Sąd Okręgowy w Warszawie podjął we wtorek (25.05) decyzję o uchyleniu aresztu wobec "Wańki", "Słowika" i "Parasola". - Cieszę się, że sąd podzielił moją argumentację. U podstaw postanowienia SO leżały opieszałość i brak podstaw do stosowania najbardziej dolegliwego środka wobec mojego klienta. Prokuratura, wnosząc o przedłużenie stosowania aresztu, powołała się na okoliczności, które w ocenie obrony, a następnie i sądu nie mogły się ostać - powiedziała w rozmowie z portalem TVP Info mec. Julia Dekoninck, obrończyni "Słowika".
Decyzja warszawskiego sądu oznacza, że "Wańka" i "Parasol" wyjdą na wolność. "Słowik" nie podzieli jednak ich losu, ponieważ ciąży na nim tymczasowy areszt w związku z inną sprawą. Kluczowym argumentem przeciwko dalszemu stosowaniu aresztu wobec mężczyzn było to, że prokuratura dysponowała dowodami w sprawie wymuszeń od biznesmena jeszcze przed skierowaniem do sądu aktu oskarżenia w sprawie tzw. wątku ekonomicznego "Pruszkowa". Pomimo tego śledczy nie zdecydowali się na dołączenie tego wątku do aktu oskarżenia.

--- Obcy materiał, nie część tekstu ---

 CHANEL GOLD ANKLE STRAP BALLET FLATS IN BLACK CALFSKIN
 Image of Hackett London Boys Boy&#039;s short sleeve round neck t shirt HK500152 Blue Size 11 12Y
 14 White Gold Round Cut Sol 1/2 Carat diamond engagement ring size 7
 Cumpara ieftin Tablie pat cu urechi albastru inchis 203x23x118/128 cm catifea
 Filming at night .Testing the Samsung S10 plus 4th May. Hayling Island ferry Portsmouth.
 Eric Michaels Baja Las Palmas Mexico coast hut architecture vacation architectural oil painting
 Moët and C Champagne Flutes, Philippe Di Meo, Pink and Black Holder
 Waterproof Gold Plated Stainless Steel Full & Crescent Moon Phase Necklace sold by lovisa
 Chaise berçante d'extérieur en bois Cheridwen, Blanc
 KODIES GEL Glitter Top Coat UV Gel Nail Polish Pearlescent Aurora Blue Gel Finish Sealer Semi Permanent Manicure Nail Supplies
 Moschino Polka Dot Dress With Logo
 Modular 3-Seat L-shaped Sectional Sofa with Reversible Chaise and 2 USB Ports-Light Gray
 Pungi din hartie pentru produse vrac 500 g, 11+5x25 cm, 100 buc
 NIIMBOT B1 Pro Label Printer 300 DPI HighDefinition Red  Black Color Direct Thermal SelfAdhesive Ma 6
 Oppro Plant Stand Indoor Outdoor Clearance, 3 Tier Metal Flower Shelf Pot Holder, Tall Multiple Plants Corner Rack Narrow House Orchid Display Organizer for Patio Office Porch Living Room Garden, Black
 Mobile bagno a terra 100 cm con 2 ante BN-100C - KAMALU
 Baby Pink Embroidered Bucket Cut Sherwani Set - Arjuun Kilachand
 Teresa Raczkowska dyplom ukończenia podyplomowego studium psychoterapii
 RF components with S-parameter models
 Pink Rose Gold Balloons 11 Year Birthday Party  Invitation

Przypomnijmy, że w marcu ubiegłego roku w Sądzie Okręgowym w Warszawie ruszył proces "Słowika", "Parasola","Wańki" oraz kilkudziesięciu innych osób, którzy byli częścią dużej grupy przestępczej. "Słowik", "Wańka" i "Parasol" zostali zatrzymani wraz z 11 innymi członkami mafii pruszkowskiej w styczniu 2017 roku. Byli bossowie "Pruszkowa" zajmowali się przestępstwami gospodarczymi, w tym wyłudzeniami VAT, ale również rozbojami i handlem narkotyków. Z ustaleń śledczych wynika, że chronili także gang Sebastiana W., który zajmował się fikcyjnym eksportem produktów spożywczych, w tym np. kawy.
Akt oskarżenia dotyczący przestępczej działalności członków dawnego "Pruszkowa" obejmuje 50 osób i liczy 2222 strony. Materiał dowodowy w tej sprawie zgromadzono w 300 tomach akt i 400 tomach załączników. Według śledczych sprawa dotyczy dwóch grup przestępczych. Jedna z nich działała w latach 2012-2017 i zajmowała się wyłudzeniami VAT. Działalność drugiej przypada na lata 2014-2018. Miała zajmować się ona m.in. rozbojami, handlem narkotykami i podrabianiem dokumentów. Pierwszą z nich miał kierować Sebastian W., a drugą Andrzej Z. ps. Słowik.